What you need to do
Your job is to copy all the entries precisely as they stand.
+++ The records
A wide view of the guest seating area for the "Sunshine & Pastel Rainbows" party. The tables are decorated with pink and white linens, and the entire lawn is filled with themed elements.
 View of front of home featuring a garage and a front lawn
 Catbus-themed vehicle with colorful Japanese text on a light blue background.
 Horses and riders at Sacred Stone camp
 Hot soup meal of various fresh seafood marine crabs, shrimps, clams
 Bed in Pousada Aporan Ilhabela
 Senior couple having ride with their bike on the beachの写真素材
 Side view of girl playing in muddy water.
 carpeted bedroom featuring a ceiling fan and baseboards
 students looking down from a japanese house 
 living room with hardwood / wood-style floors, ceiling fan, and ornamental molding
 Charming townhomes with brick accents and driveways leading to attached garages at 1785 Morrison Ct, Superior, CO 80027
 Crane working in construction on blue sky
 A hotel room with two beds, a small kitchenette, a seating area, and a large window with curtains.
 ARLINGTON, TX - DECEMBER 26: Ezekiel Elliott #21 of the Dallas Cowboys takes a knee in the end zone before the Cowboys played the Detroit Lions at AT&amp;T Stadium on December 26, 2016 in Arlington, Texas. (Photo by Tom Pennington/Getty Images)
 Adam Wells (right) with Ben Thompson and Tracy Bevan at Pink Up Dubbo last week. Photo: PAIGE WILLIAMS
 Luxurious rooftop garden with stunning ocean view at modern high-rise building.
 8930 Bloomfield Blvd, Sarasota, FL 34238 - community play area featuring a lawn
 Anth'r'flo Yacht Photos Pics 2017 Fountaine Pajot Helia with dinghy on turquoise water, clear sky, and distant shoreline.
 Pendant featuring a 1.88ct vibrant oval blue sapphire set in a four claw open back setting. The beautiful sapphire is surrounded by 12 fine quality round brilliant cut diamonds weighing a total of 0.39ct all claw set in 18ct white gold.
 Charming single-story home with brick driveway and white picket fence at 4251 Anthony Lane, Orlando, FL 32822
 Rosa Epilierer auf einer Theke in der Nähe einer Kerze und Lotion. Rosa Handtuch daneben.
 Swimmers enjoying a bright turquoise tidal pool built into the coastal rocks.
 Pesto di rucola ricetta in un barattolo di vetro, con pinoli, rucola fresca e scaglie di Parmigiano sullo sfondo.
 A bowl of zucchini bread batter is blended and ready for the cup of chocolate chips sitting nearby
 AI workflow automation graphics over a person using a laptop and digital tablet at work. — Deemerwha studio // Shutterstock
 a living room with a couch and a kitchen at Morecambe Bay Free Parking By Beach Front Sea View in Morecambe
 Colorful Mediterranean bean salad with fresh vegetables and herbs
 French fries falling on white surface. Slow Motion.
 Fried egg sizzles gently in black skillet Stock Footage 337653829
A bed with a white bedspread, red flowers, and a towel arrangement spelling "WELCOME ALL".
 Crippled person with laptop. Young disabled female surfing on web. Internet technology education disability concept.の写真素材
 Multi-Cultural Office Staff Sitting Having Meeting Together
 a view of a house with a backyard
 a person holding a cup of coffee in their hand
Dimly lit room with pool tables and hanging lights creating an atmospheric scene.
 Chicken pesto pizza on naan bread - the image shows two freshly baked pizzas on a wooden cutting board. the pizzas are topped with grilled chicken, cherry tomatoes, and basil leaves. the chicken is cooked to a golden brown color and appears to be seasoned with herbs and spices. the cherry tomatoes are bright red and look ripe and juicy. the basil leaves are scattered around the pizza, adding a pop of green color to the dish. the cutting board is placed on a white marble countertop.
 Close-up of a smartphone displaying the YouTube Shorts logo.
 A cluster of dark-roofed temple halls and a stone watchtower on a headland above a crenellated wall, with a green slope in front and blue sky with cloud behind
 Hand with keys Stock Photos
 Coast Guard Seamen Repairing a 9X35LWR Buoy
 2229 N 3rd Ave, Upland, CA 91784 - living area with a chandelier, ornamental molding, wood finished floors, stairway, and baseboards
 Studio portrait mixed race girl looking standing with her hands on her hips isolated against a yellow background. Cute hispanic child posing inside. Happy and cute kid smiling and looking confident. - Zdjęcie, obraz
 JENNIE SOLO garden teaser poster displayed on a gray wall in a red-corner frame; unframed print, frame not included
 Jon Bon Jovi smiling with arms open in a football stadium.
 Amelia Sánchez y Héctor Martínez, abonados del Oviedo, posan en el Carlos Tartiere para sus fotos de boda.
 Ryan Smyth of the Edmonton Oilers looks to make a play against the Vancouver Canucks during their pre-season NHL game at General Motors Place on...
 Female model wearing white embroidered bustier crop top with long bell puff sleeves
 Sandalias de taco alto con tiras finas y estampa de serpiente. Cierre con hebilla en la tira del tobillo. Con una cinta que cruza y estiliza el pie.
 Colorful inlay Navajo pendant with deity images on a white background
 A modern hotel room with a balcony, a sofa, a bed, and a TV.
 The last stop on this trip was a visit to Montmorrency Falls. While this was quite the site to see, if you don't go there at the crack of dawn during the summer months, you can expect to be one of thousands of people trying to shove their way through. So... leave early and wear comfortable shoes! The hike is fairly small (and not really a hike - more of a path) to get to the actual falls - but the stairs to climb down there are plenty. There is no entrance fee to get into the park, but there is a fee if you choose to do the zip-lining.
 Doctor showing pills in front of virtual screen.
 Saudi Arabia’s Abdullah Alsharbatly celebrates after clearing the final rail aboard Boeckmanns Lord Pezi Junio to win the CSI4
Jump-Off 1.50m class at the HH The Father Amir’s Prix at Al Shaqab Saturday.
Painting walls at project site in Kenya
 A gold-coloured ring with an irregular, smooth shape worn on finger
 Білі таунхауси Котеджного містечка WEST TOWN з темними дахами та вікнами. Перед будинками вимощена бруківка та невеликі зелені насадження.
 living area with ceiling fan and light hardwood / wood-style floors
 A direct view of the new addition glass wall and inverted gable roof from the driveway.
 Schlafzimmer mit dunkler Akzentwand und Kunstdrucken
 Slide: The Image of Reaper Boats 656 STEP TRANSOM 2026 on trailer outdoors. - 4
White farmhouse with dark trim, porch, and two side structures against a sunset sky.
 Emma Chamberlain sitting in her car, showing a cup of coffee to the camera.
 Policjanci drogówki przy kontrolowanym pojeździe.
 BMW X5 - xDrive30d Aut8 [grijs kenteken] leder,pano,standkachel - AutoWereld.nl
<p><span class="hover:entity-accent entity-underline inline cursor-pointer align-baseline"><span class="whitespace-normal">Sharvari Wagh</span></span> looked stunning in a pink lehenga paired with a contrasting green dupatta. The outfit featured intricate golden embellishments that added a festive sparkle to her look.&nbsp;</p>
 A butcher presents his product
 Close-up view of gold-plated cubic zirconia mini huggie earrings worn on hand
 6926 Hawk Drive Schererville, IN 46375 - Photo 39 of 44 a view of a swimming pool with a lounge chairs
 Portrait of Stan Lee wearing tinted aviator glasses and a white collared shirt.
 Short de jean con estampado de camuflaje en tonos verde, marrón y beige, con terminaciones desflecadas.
++++++
Finished task
A wide view of the guest seating area for the "Sunshine & Pastel Rainbows" party. The tables are decorated with pink and white linens, and the entire lawn is filled with themed elements.
 View of front of home featuring a garage and a front lawn
 Catbus-themed vehicle with colorful Japanese text on a light blue background.
 Horses and riders at Sacred Stone camp
 Hot soup meal of various fresh seafood marine crabs, shrimps, clams
 Bed in Pousada Aporan Ilhabela
 Senior couple having ride with their bike on the beachの写真素材
 Side view of girl playing in muddy water.
 carpeted bedroom featuring a ceiling fan and baseboards
 students looking down from a japanese house 
 living room with hardwood / wood-style floors, ceiling fan, and ornamental molding
 Charming townhomes with brick accents and driveways leading to attached garages at 1785 Morrison Ct, Superior, CO 80027
 Crane working in construction on blue sky
 A hotel room with two beds, a small kitchenette, a seating area, and a large window with curtains.
 ARLINGTON, TX - DECEMBER 26: Ezekiel Elliott #21 of the Dallas Cowboys takes a knee in the end zone before the Cowboys played the Detroit Lions at AT&amp;T Stadium on December 26, 2016 in Arlington, Texas. (Photo by Tom Pennington/Getty Images)
 Adam Wells (right) with Ben Thompson and Tracy Bevan at Pink Up Dubbo last week. Photo: PAIGE WILLIAMS
 Luxurious rooftop garden with stunning ocean view at modern high-rise building.
 8930 Bloomfield Blvd, Sarasota, FL 34238 - community play area featuring a lawn
 Anth'r'flo Yacht Photos Pics 2017 Fountaine Pajot Helia with dinghy on turquoise water, clear sky, and distant shoreline.
 Pendant featuring a 1.88ct vibrant oval blue sapphire set in a four claw open back setting. The beautiful sapphire is surrounded by 12 fine quality round brilliant cut diamonds weighing a total of 0.39ct all claw set in 18ct white gold.
 Charming single-story home with brick driveway and white picket fence at 4251 Anthony Lane, Orlando, FL 32822
 Rosa Epilierer auf einer Theke in der Nähe einer Kerze und Lotion. Rosa Handtuch daneben.
 Swimmers enjoying a bright turquoise tidal pool built into the coastal rocks.
 Pesto di rucola ricetta in un barattolo di vetro, con pinoli, rucola fresca e scaglie di Parmigiano sullo sfondo.
 A bowl of zucchini bread batter is blended and ready for the cup of chocolate chips sitting nearby
 AI workflow automation graphics over a person using a laptop and digital tablet at work. — Deemerwha studio // Shutterstock
 a living room with a couch and a kitchen at Morecambe Bay Free Parking By Beach Front Sea View in Morecambe
 Colorful Mediterranean bean salad with fresh vegetables and herbs
 French fries falling on white surface. Slow Motion.
 Fried egg sizzles gently in black skillet Stock Footage 337653829
A bed with a white bedspread, red flowers, and a towel arrangement spelling "WELCOME ALL".
 Crippled person with laptop. Young disabled female surfing on web. Internet technology education disability concept.の写真素材
 Multi-Cultural Office Staff Sitting Having Meeting Together
 a view of a house with a backyard
 a person holding a cup of coffee in their hand
Dimly lit room with pool tables and hanging lights creating an atmospheric scene.
 Chicken pesto pizza on naan bread - the image shows two freshly baked pizzas on a wooden cutting board. the pizzas are topped with grilled chicken, cherry tomatoes, and basil leaves. the chicken is cooked to a golden brown color and appears to be seasoned with herbs and spices. the cherry tomatoes are bright red and look ripe and juicy. the basil leaves are scattered around the pizza, adding a pop of green color to the dish. the cutting board is placed on a white marble countertop.
 Close-up of a smartphone displaying the YouTube Shorts logo.
 A cluster of dark-roofed temple halls and a stone watchtower on a headland above a crenellated wall, with a green slope in front and blue sky with cloud behind
 Hand with keys Stock Photos
 Coast Guard Seamen Repairing a 9X35LWR Buoy
 2229 N 3rd Ave, Upland, CA 91784 - living area with a chandelier, ornamental molding, wood finished floors, stairway, and baseboards
 Studio portrait mixed race girl looking standing with her hands on her hips isolated against a yellow background. Cute hispanic child posing inside. Happy and cute kid smiling and looking confident. - Zdjęcie, obraz
 JENNIE SOLO garden teaser poster displayed on a gray wall in a red-corner frame; unframed print, frame not included
 Jon Bon Jovi smiling with arms open in a football stadium.
 Amelia Sánchez y Héctor Martínez, abonados del Oviedo, posan en el Carlos Tartiere para sus fotos de boda.
 Ryan Smyth of the Edmonton Oilers looks to make a play against the Vancouver Canucks during their pre-season NHL game at General Motors Place on...
 Female model wearing white embroidered bustier crop top with long bell puff sleeves
 Sandalias de taco alto con tiras finas y estampa de serpiente. Cierre con hebilla en la tira del tobillo. Con una cinta que cruza y estiliza el pie.
 Colorful inlay Navajo pendant with deity images on a white background
 A modern hotel room with a balcony, a sofa, a bed, and a TV.
 The last stop on this trip was a visit to Montmorrency Falls. While this was quite the site to see, if you don't go there at the crack of dawn during the summer months, you can expect to be one of thousands of people trying to shove their way through. So... leave early and wear comfortable shoes! The hike is fairly small (and not really a hike - more of a path) to get to the actual falls - but the stairs to climb down there are plenty. There is no entrance fee to get into the park, but there is a fee if you choose to do the zip-lining.
 Doctor showing pills in front of virtual screen.
 Saudi Arabia’s Abdullah Alsharbatly celebrates after clearing the final rail aboard Boeckmanns Lord Pezi Junio to win the CSI4
Jump-Off 1.50m class at the HH The Father Amir’s Prix at Al Shaqab Saturday.
Painting walls at project site in Kenya
 A gold-coloured ring with an irregular, smooth shape worn on finger
 Білі таунхауси Котеджного містечка WEST TOWN з темними дахами та вікнами. Перед будинками вимощена бруківка та невеликі зелені насадження.
 living area with ceiling fan and light hardwood / wood-style floors
 A direct view of the new addition glass wall and inverted gable roof from the driveway.
 Schlafzimmer mit dunkler Akzentwand und Kunstdrucken
 Slide: The Image of Reaper Boats 656 STEP TRANSOM 2026 on trailer outdoors. - 4
White farmhouse with dark trim, porch, and two side structures against a sunset sky.
 Emma Chamberlain sitting in her car, showing a cup of coffee to the camera.
 Policjanci drogówki przy kontrolowanym pojeździe.
 BMW X5 - xDrive30d Aut8 [grijs kenteken] leder,pano,standkachel - AutoWereld.nl
<p><span class="hover:entity-accent entity-underline inline cursor-pointer align-baseline"><span class="whitespace-normal">Sharvari Wagh</span></span> looked stunning in a pink lehenga paired with a contrasting green dupatta. The outfit featured intricate golden embellishments that added a festive sparkle to her look.&nbsp;</p>
 A butcher presents his product
 Close-up view of gold-plated cubic zirconia mini huggie earrings worn on hand
 6926 Hawk Drive Schererville, IN 46375 - Photo 39 of 44 a view of a swimming pool with a lounge chairs
 Portrait of Stan Lee wearing tinted aviator glasses and a white collared shirt.
 Short de jean con estampado de camuflaje en tonos verde, marrón y beige, con terminaciones desflecadas.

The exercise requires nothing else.